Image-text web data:
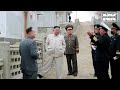 Kim Jong-un inspects construction site at typhoon-hit areas, strictly deals reconstruction violation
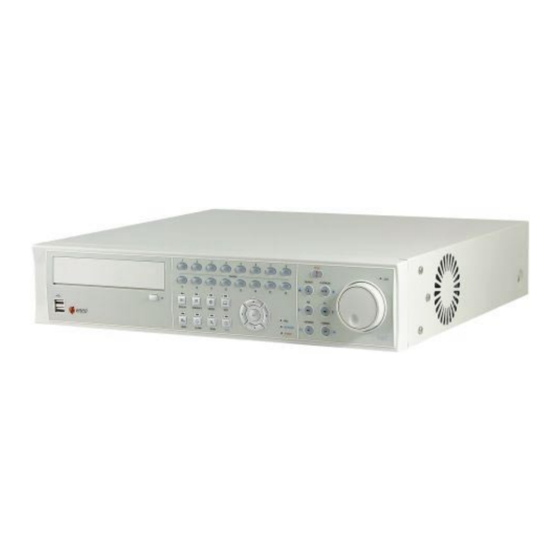 Eneo DTR-6108/xxxD Digital Video Recorder Manuals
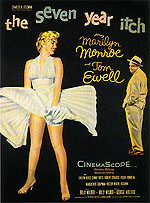 Classic-Movie-Posters : THE SEVEN YEAR ITCH 1955 : $269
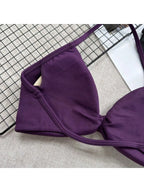 Backless Spaghetti Strap Sports Bra | Seamless Cropped Yoga Workout Camisole Top with Light Support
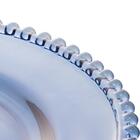 Sousplat Cristal Pearl Azul Escuro 32cm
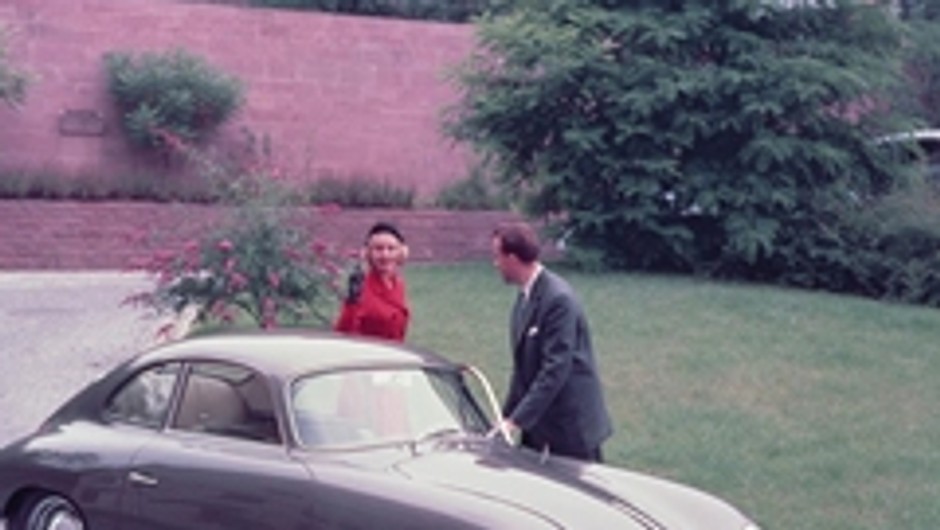 Porsche 356 – początek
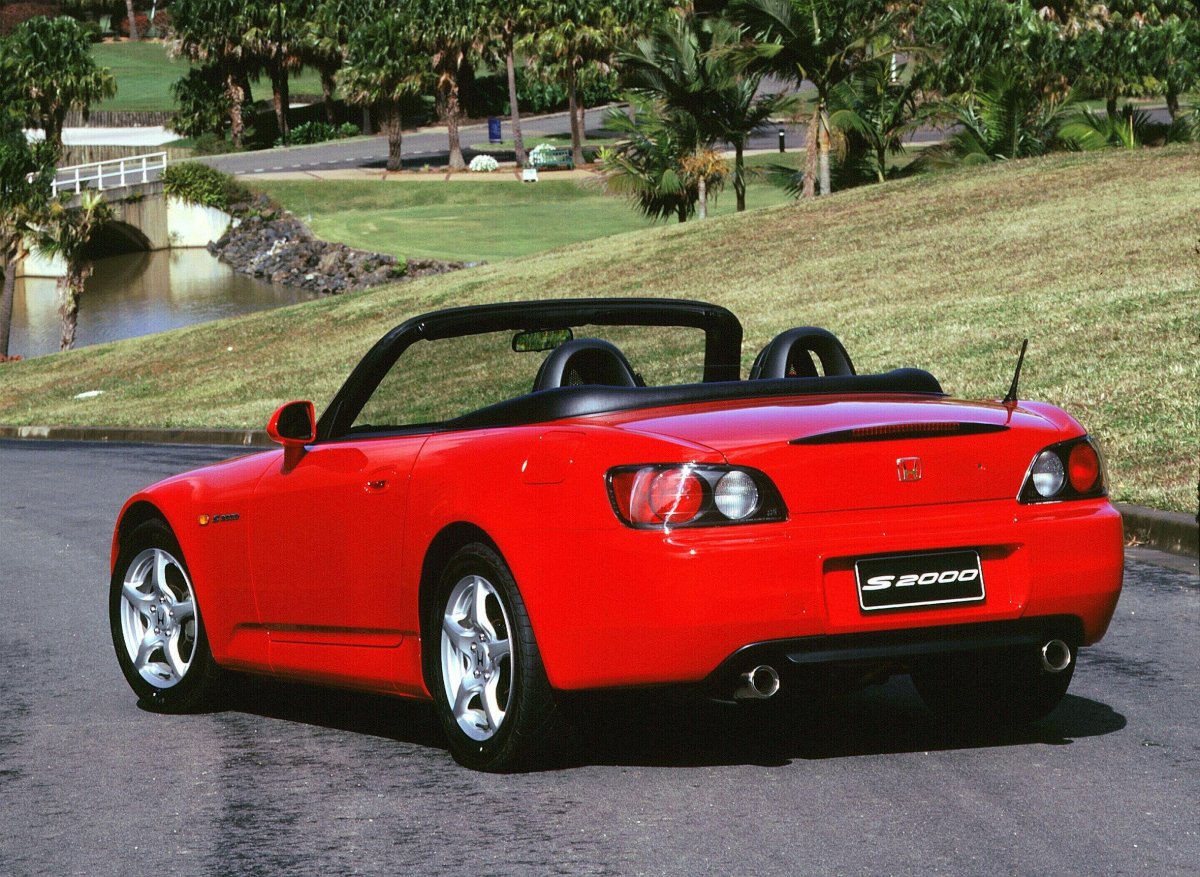 Honda s2000 кабриолет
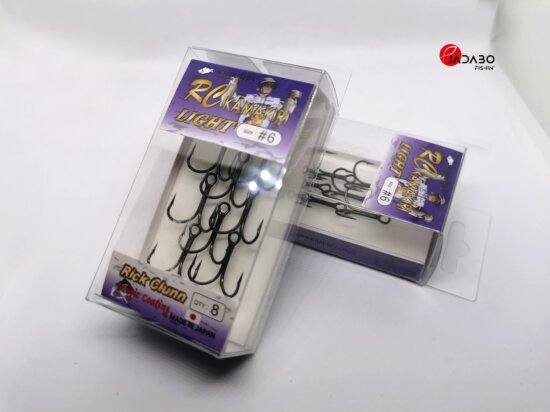 Hármas Horog Ichikawa RC Kamakiri Light Wire #6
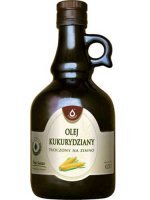 Olej kukurydziany tłoczony na zimno Oleofarm - 500ml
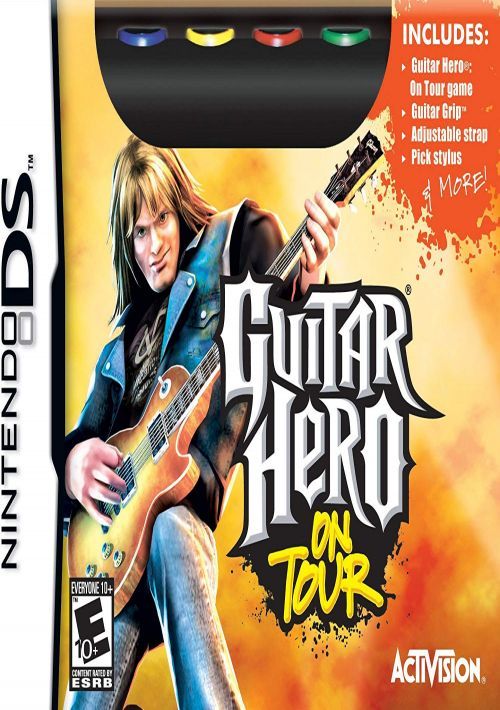 Guitar Hero - On Tour (DSRP)(E) rom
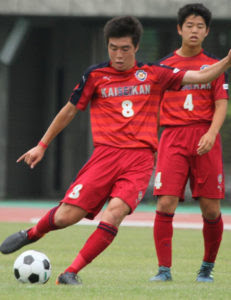 浜松開誠館サッカー部メンバー18出身中学やクラブと注目選手は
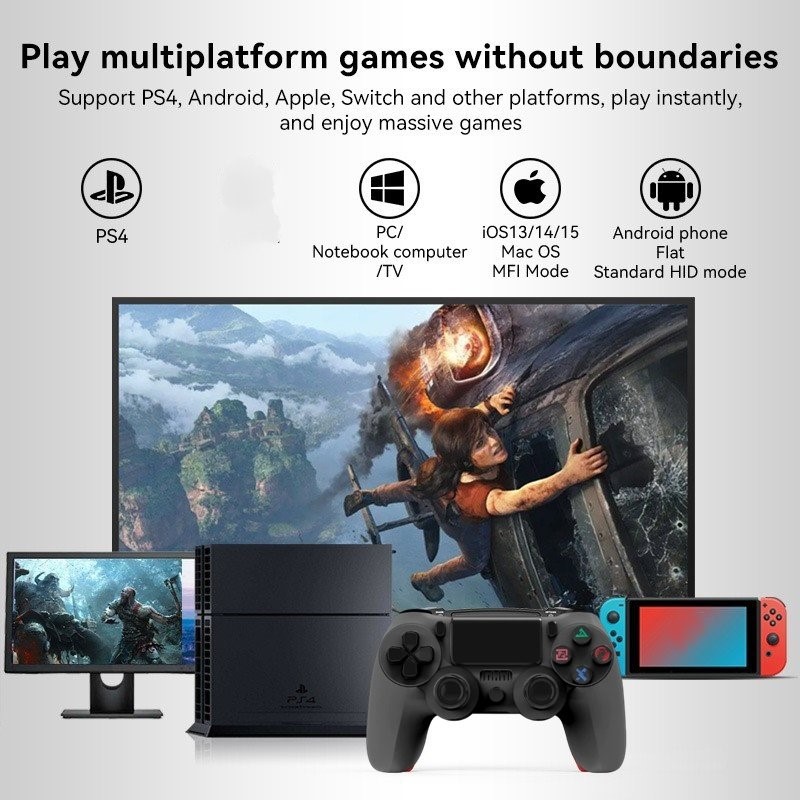 Gamepad Tay Game Không dây Bluetooth CM38 cho máy tính - điện thoại - máy game Console hàng nhập khẩu
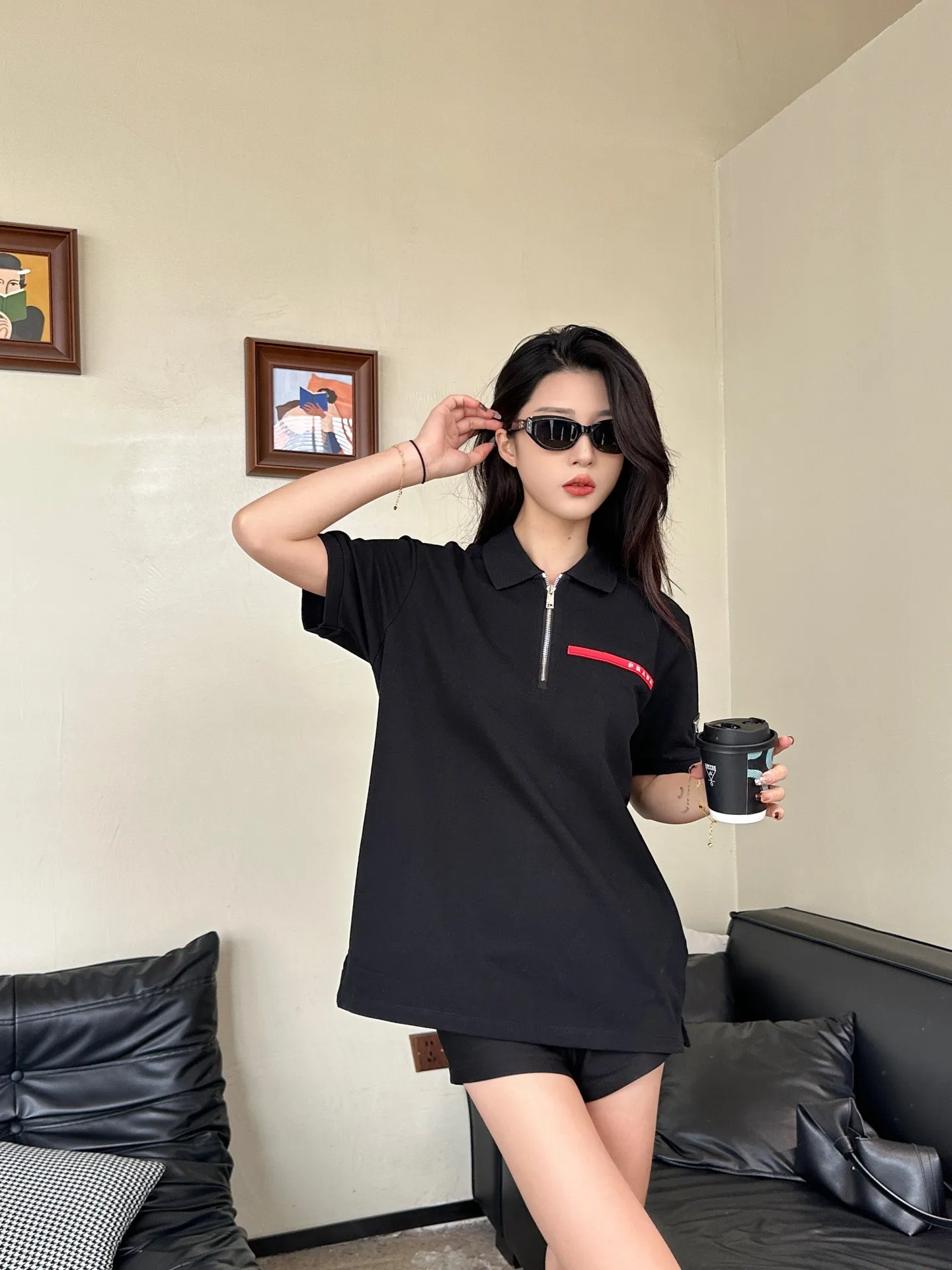 Prada/ Polo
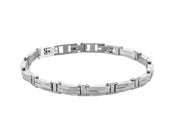 Bracciale in acciaio Uomo 4US Cesare Paciotti – 4UBR7051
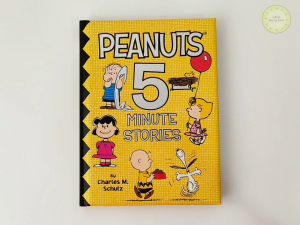 Age 3-7 | 12 Stories Inside the Book - Snoopy Peanuts 5 Minute Stories - Children Story Learning Book Bedtime Birthday Gift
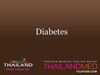 Thailand Medical Tourism_Diabetes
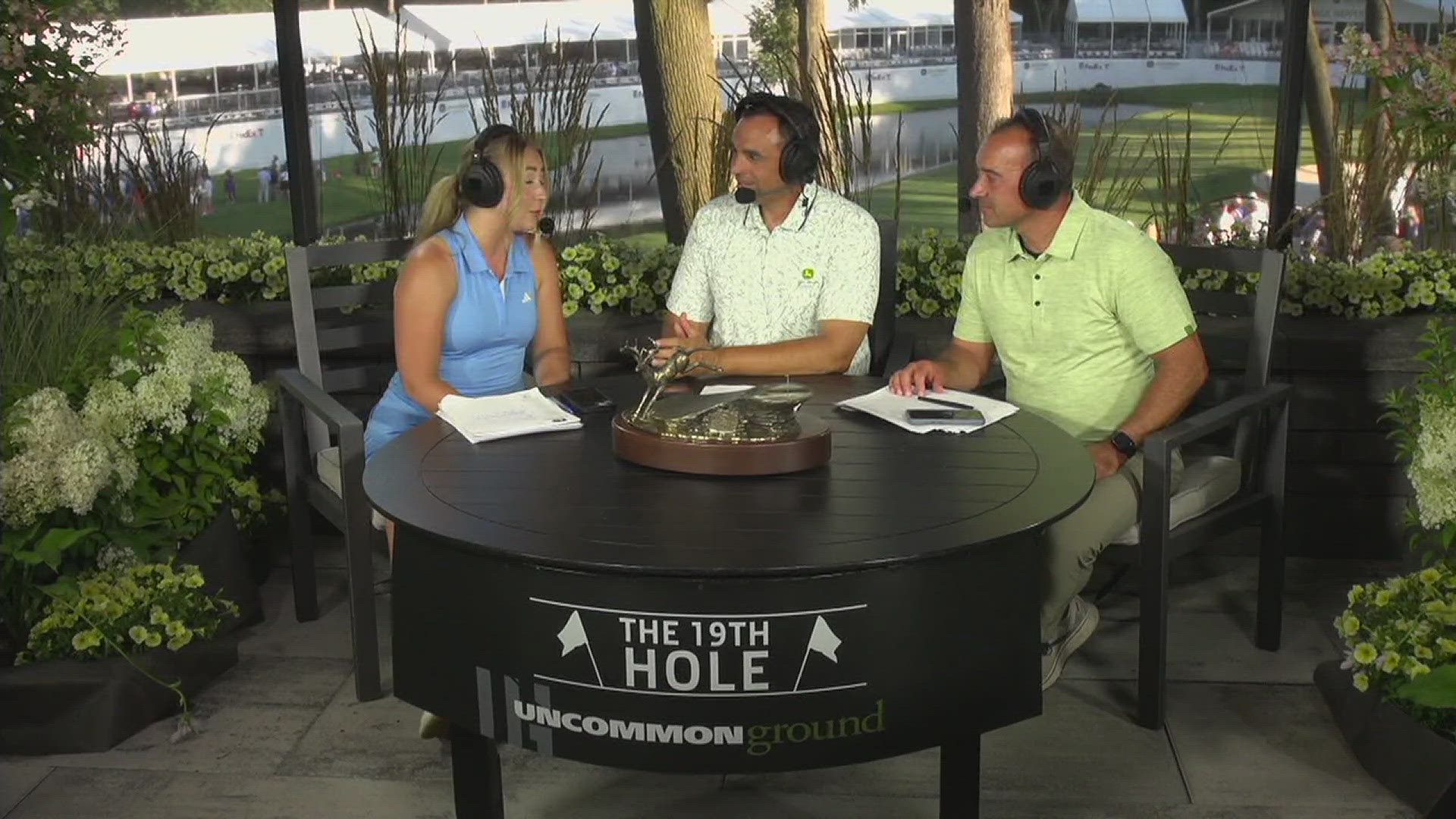News 8 Sports' Matt Randazzo and Kory Kuffler sit down with Celia Palermo, who now works for the PGA Tour, and talk predictions for the John Deere Classic.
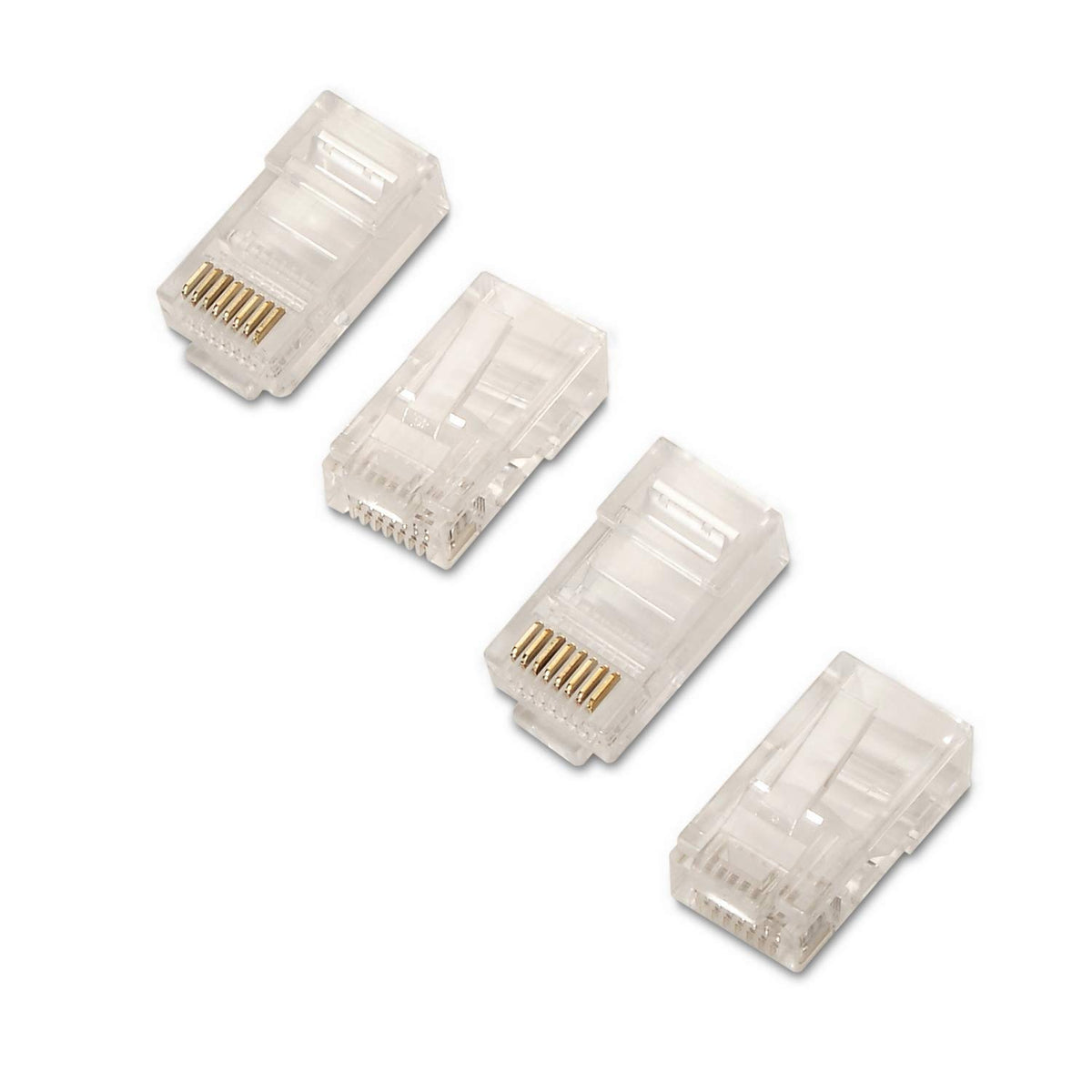 Conector RJ45 Aisens A139-0297/ Cat.6/ 10 uds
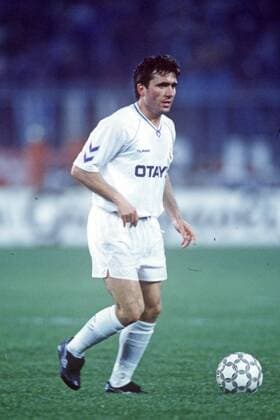 GHEORGHE HAGI -- UEFA CUP 1991-92 SEMIFINAL RITORNO - TORINO CALCIO - REAL MADRID 2-0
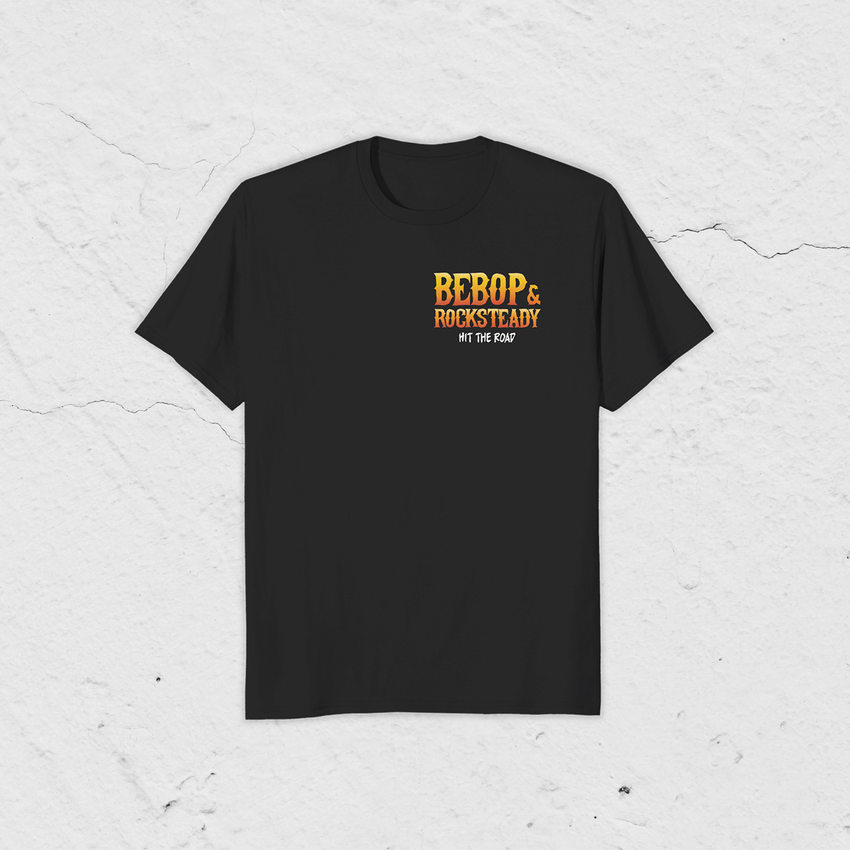 Футболка "TMNT 1987: Bebop and Rocksteady"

TASK DIRECTIONS:
Give back the entries verbatim but drop every picture.

EXPECTED ANSWER:
 Kim Jong-un inspects construction site at typhoon-hit areas, strictly deals reconstruction violation
 Eneo DTR-6108/xxxD Digital Video Recorder Manuals
 Classic-Movie-Posters : THE SEVEN YEAR ITCH 1955 : $269
 Backless Spaghetti Strap Sports Bra | Seamless Cropped Yoga Workout Camisole Top with Light Support
 Sousplat Cristal Pearl Azul Escuro 32cm
 Porsche 356 – początek
 Honda s2000 кабриолет
 Hármas Horog Ichikawa RC Kamakiri Light Wire #6
 Olej kukurydziany tłoczony na zimno Oleofarm - 500ml
 Guitar Hero - On Tour (DSRP)(E) rom
 浜松開誠館サッカー部メンバー18出身中学やクラブと注目選手は
 Gamepad Tay Game Không dây Bluetooth CM38 cho máy tính - điện thoại - máy game Console hàng nhập khẩu
 Prada/ Polo
 Bracciale in acciaio Uomo 4US Cesare Paciotti – 4UBR7051
 Age 3-7 | 12 Stories Inside the Book - Snoopy Peanuts 5 Minute Stories - Children Story Learning Book Bedtime Birthday Gift
 Thailand Medical Tourism_Diabetes
News 8 Sports' Matt Randazzo and Kory Kuffler sit down with Celia Palermo, who now works for the PGA Tour, and talk predictions for the John Deere Classic.
 Conector RJ45 Aisens A139-0297/ Cat.6/ 10 uds
 GHEORGHE HAGI -- UEFA CUP 1991-92 SEMIFINAL RITORNO - TORINO CALCIO - REAL MADRID 2-0
 Футболка "TMNT 1987: Bebop and Rocksteady"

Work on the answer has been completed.